Il est né le 6 novembre 1925 dans le XIVe arrondissement de Paris et résidait depuis des années à Montmartre où il se baladait discrètement. Fils d'un officier qu'il a peu connu car devenu prisonnier de guerre, Michel Bouquet doit son goût du spectacle à sa mère qui l'emmenait régulièrement à l'Opéra-Comique.
"À chaque fois que le rideau se levait, il n'y avait plus l'horreur de la guerre, il n'y avait plus les Allemands autour (...), le monde irréel dépassait de très loin le monde réel. Ça a été le meilleur enseignement de ma vie", avait-il raconté à l'AFP.
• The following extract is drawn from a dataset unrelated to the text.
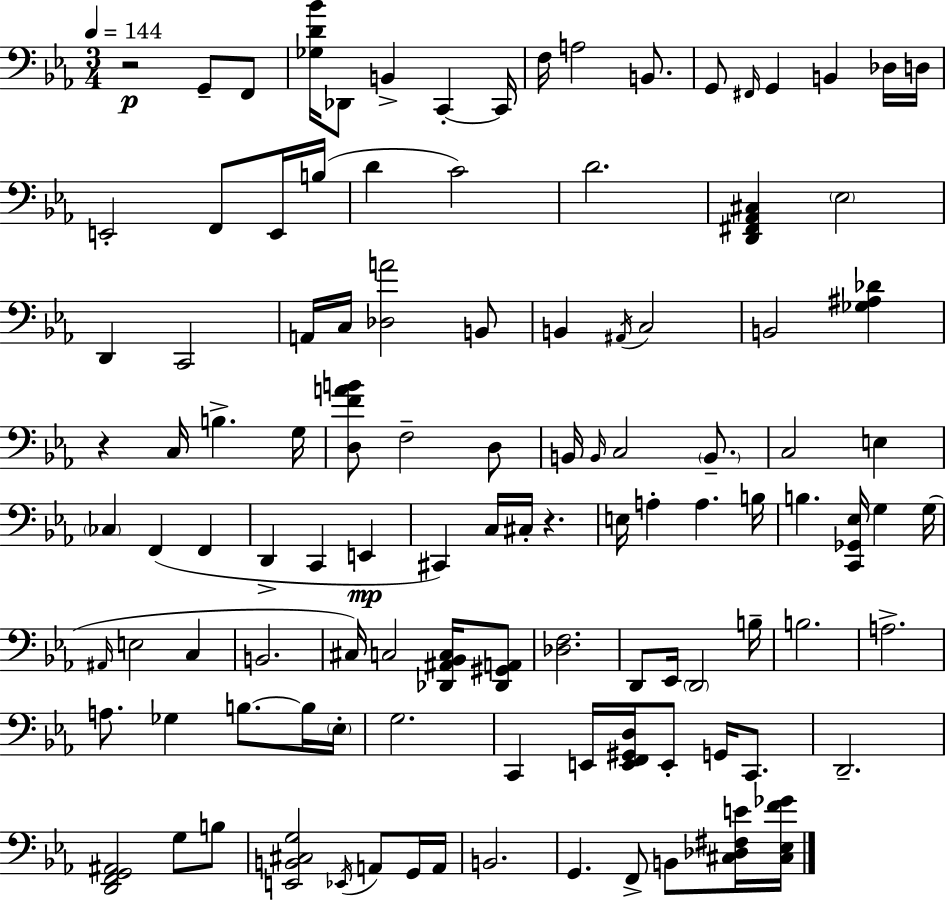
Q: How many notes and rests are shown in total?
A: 110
Immense carrière au théâtre
Inoubliable dans "Le roi se meurt" et dans "L'Avare" de Molière mais tout autant au cinéma, ce géant de la scène a toujours affiché sa préférence pour le théâtre.
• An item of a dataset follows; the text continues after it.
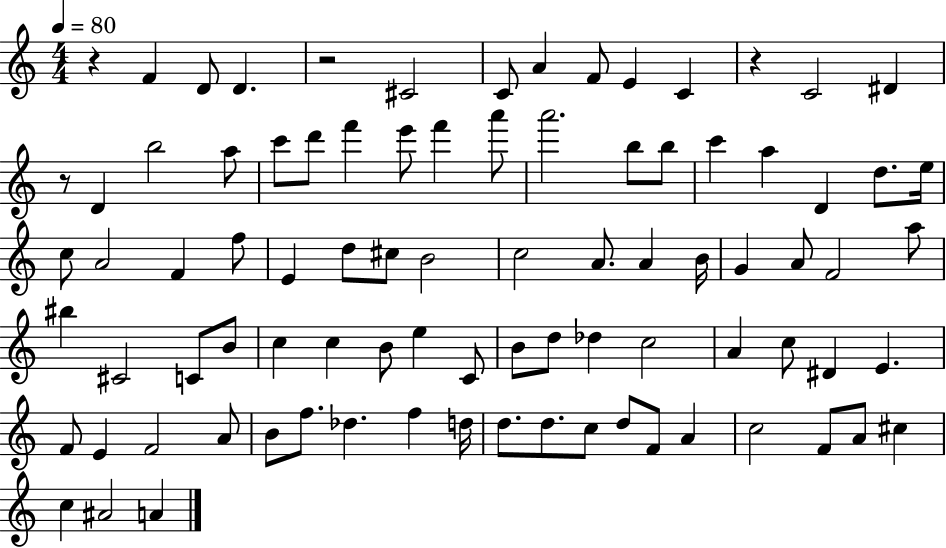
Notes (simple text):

"Au théâtre, la personnalité de l'auteur est tellement majestueuse, que ce soit Pinter ou Molière, qu'on ne fait qu'essayer de porter la parole le plus docilement possible. C'est l'oubli de soi qui est le plus important", confiait-il en 2019.
Il a marqué le théâtre de l'après-guerre en faisant connaître en France l'œuvre de Harold Pinter et en se mettant au service de grands textes classiques (Molière, Diderot ou Strindberg) et contemporains (Samuel Beckett, Eugène Ionesco, Albert Camus ou Thomas Bernhard).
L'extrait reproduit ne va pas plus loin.